The Fix: A Clever Trick to Keep Numbers in Check
So, how do the big frameworks like PyTorch and TensorFlow avoid this? They don't calculate Softmax and Cross-Entropy Loss separately. They use a combined, numerically stable function that relies on a neat mathematical trick.
The core idea is simple: we can subtract any number from all the logits in a sample, and the final Softmax output will be exactly the same. It's a neat property of the function.
So, what number should we subtract? The smartest choice is to subtract the largest logit value from all the others in that same sample.
Let's look at our troublemaker again: [1000.0, 1.0, -1000.0]. The max value is 1000.0.
If we subtract 1000.0 from each, we get:
[1000.0 - 1000.0, 1.0 - 1000.0, -1000.0 - 1000.0]
Which simplifies to: [0.0, -999.0, -2000.0]
Now, look at these numbers. The largest one is 0. exp(0) is just 1. The other numbers are large negative values, so their exponentials will be very, very small (but not quite zero!). We’ve completely avoided the overflow problem! All our numbers are now in a safe, manageable range.
This technique is often part of what’s known as the "LogSumExp" trick, which is a stable way to compute log(sum(exp(x))).
The Stable Implementation in Action
Here’s what a stable function to calculate cross-entropy loss directly from logits looks like. It does all the work in one go, avoiding the unstable intermediate step of creating probability values.

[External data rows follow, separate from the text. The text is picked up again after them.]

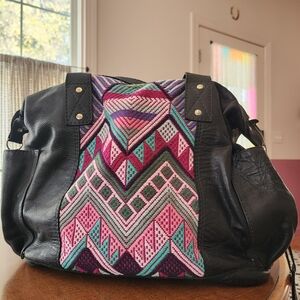 Nena & Co. Convertible Day Bag - Black Leather + Huipil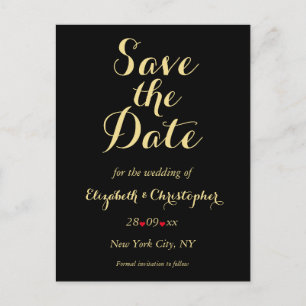Elegant Black Faux Gold Wedding Save the Date Briefkaart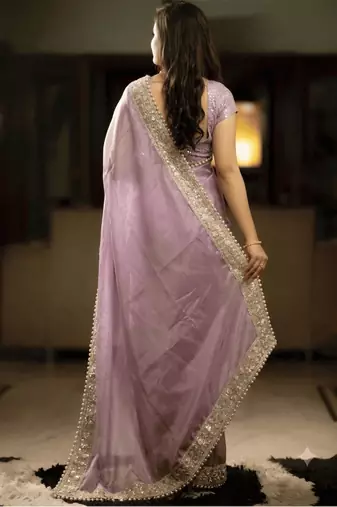 Embellished sequins tissue ready to saree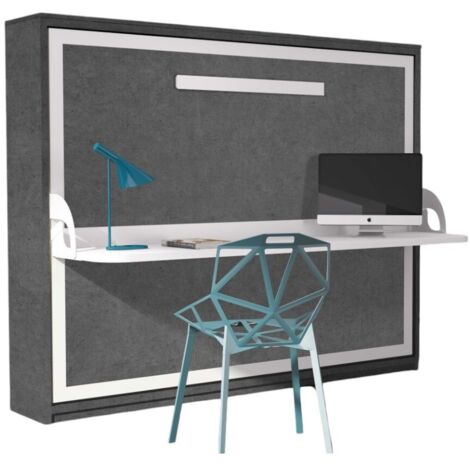Lit escamotable avec bureau 140x190 gris ciment P 35 Kinoa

def stable_cross_entropy(logits, targets):
# Subtract the max logit for stability
max_logits, _ = torch.max(logits, dim=1, keepdim=True)
shifted_logits = logits - max_logits
# Use the LogSumExp trick
log_sum_exp = torch.log(torch.sum(torch.exp(shifted_logits), dim=1))
# Calculate the final loss
# Note: we use the ORIGINAL logits for the target class
loss = log_sum_exp - logits[torch.arange(len(targets)), targets] + max_logits.squeeze(1)
return loss.mean()
Let's run our same problematic logits through this new function:
loss = stable_cross_entropy(logits, targets)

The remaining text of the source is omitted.